Collaborating in the Helix Lab Cloud to Fix a Software Problem - How to do Remote Help Right

Collaborating in the Helix Lab Cloud to Fix a Software Problem - How to do Remote Help Right

jakob-engblom-intro-picture

As you might know, we recently announced and launched the preview version of the Helix Lab Cloud. With Helix Lab Cloud, you access (simulated) computers in the cloud, and among other unique abilities, you can share a session with other people. Thanks to the underlying Simics technology, sharing a session covers both the current state of the lab machine and the history of inputs and outputs. Sharing is a great tool for collaborative debugging and error reporting, and in this blog post I will tell the story of what I believe was the first application of this to a real problem, in which this author helped a colleague solve an annoying compilation failure happening on a lab machine.

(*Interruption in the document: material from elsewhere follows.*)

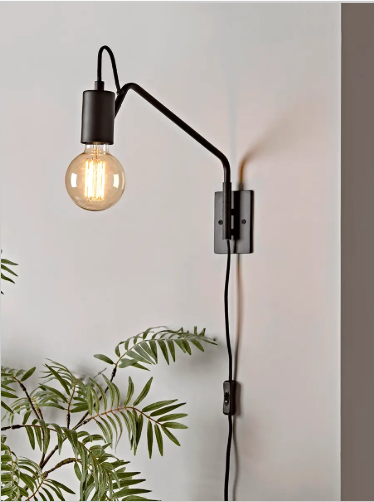 Morbegno Industrial Plug-in Wall Sconce Set of 2 Black Swing Arm Light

The story starts with an Intel-based Linux machine inside the Lab Cloud.  My colleague, let’s call him Nemo, booted up the lab machine and proceeded to upload a fairly large application to its disk.  Once the application had been uploaded, he ran configure to set up the build, and then make to build it. Using known good Linux application that built and worked correctly on many other machines, he quite rightly expected it to build without a hitch in the Lab Cloud as well.

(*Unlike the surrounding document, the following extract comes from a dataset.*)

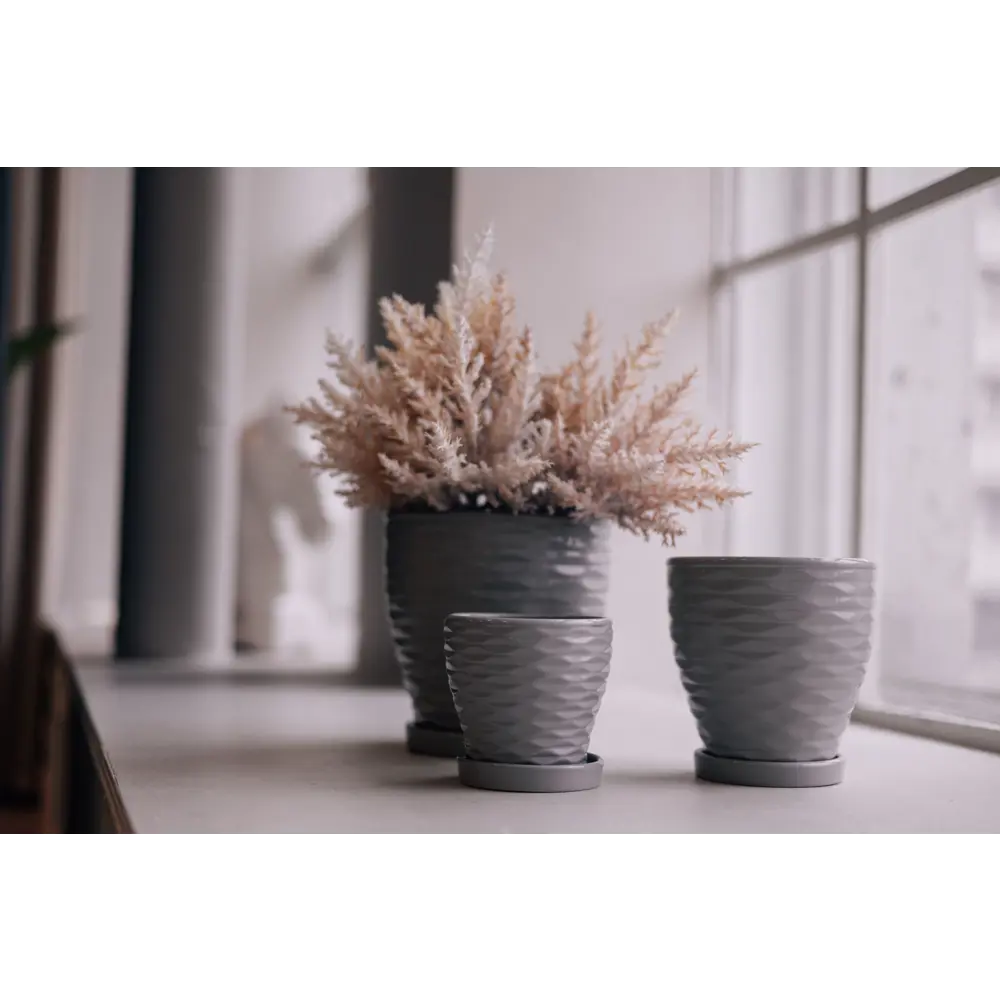 Фото 5 Горшок цветочный Эллипс ø17.8 h18 керамика серый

However, this was not the case. Instead there were strange errors.  Configure would complete successfully. But then make would complain about time stamps and run configure again. Repeat. Not a good place to be when the goal was to make progress.

So what was going on? This question was first asked in the normal way, the way you have always asked for help in the past when encountering an issue in a system you are testing. We in the Helix Lab Cloud team received an email from Nemo with a question on why things did not work, and including a copy of the output seen on the target as configure and make looped (a static capture from the target terminal).  A few more emails went back and forth, including a few more examples of output.  No progress.

At this point, someone remembered that we had a system that was supposed to let us share things directly, rather than going about sending text copied into emails.  So, Nemo shared his Lab Cloud session that exhibited the problem with this author.

hlc-bug-1

Here is how sharing looks in the Helix Lab Cloud; taken from my account quite recently. Note how a couple of sessions are marked with “Guest”, indicating that I am a guest in those sessions. The other sessions are ones that I have created and control. The session is not running at this time.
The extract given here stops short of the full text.